* _Exercise prompt_: Word for word, transcribe the lines below and drop the pictures.

* _Image-text web data_:

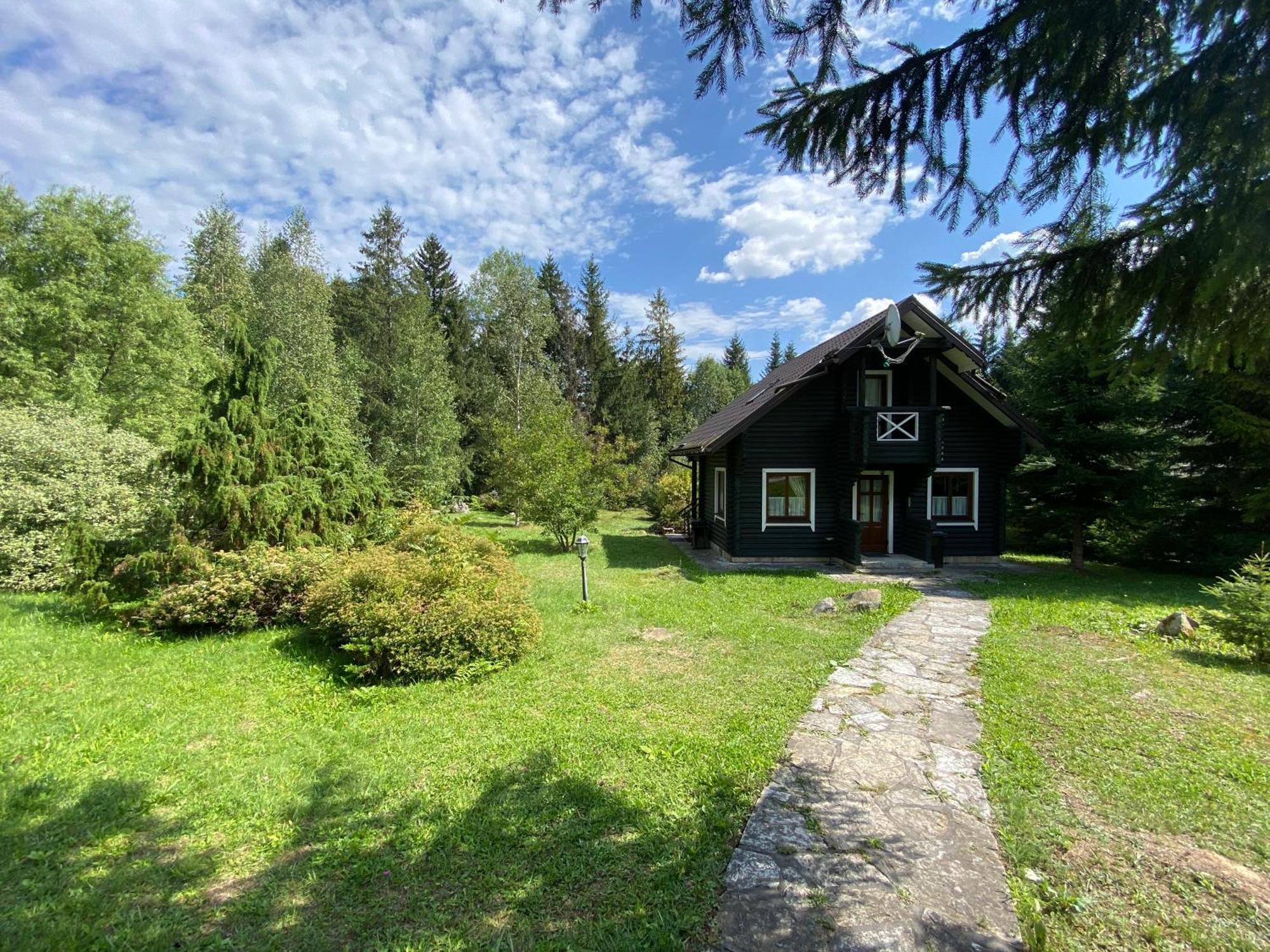 Relaxation In Guta Гута Покращене Шале Exterior foto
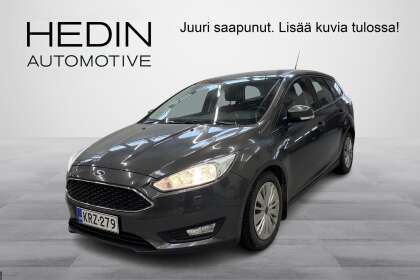 Ford FOCUS 1,5 EcoBoost 150 hv Start/Stop A6 Trend Wagon - KRZ-279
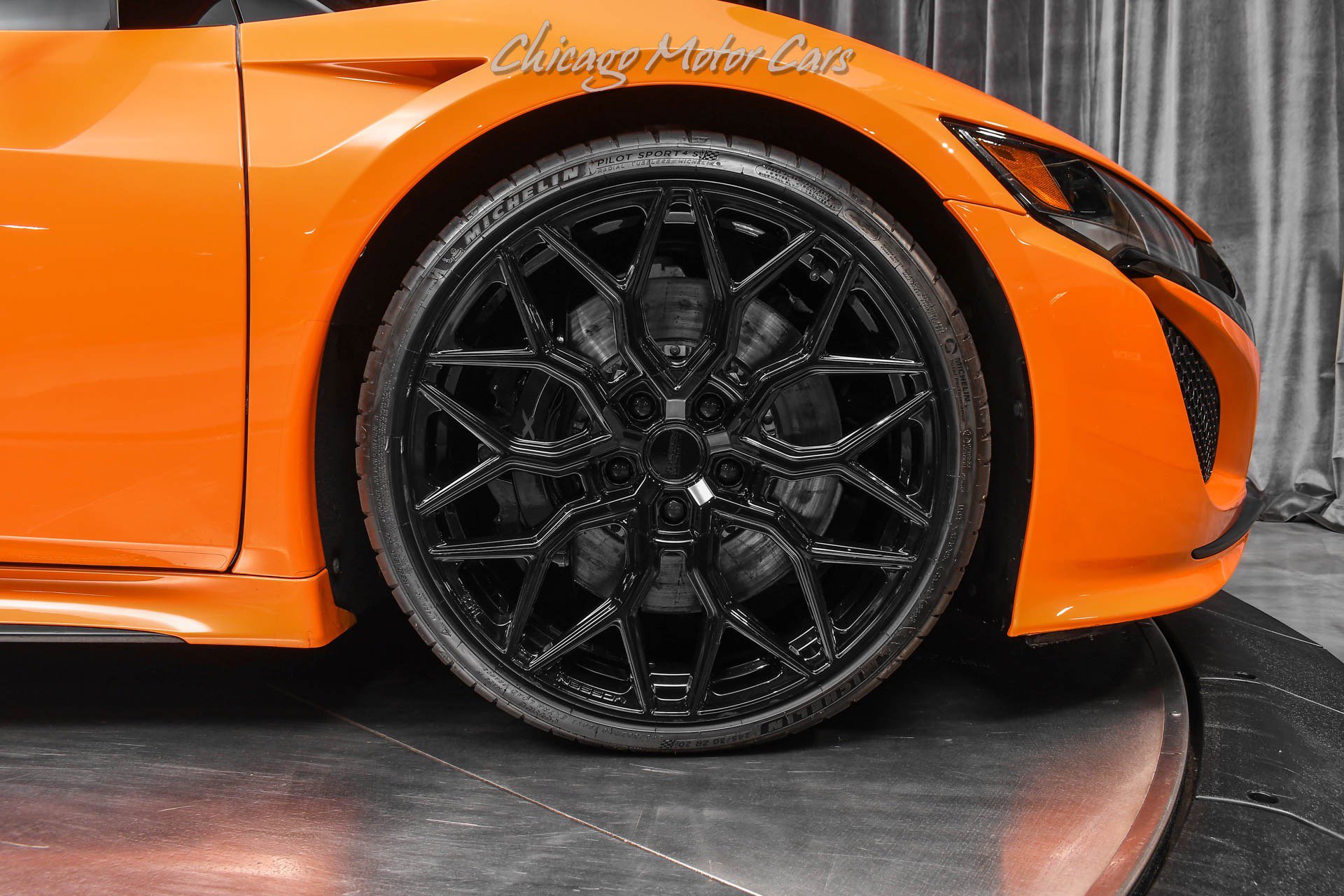 Used 2019 Acura NSX AWD/4WD image 43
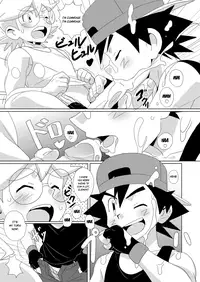 (Shota Scratch SP4) [WEST ONE (10nin)] The Rainbow Connection (Pokémon X and Y) [English] {Shotachan}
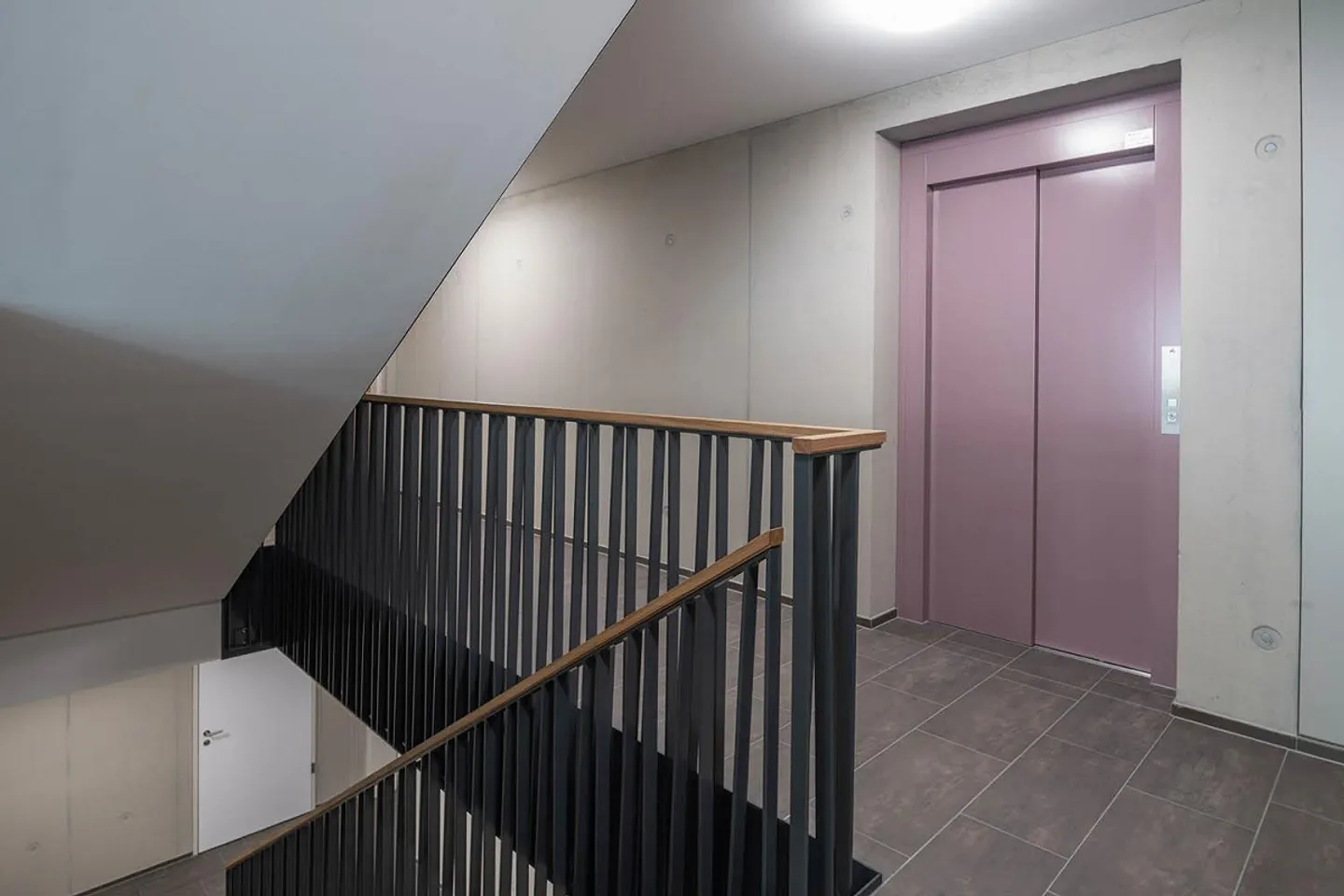Appartement 2.5 pièces - Photo 8 sur 9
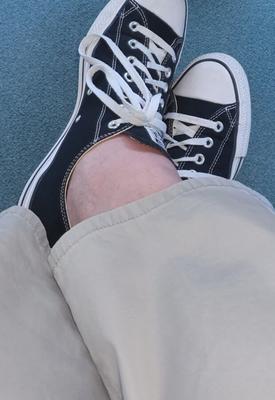 Tênis-Socken -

* _Response to the exercise_:
 Relaxation In Guta Гута Покращене Шале Exterior foto
 Ford FOCUS 1,5 EcoBoost 150 hv Start/Stop A6 Trend Wagon - KRZ-279
 Used 2019 Acura NSX AWD/4WD image 43
 (Shota Scratch SP4) [WEST ONE (10nin)] The Rainbow Connection (Pokémon X and Y) [English] {Shotachan}
Appartement 2.5 pièces - Photo 8 sur 9
 Tênis-Socken -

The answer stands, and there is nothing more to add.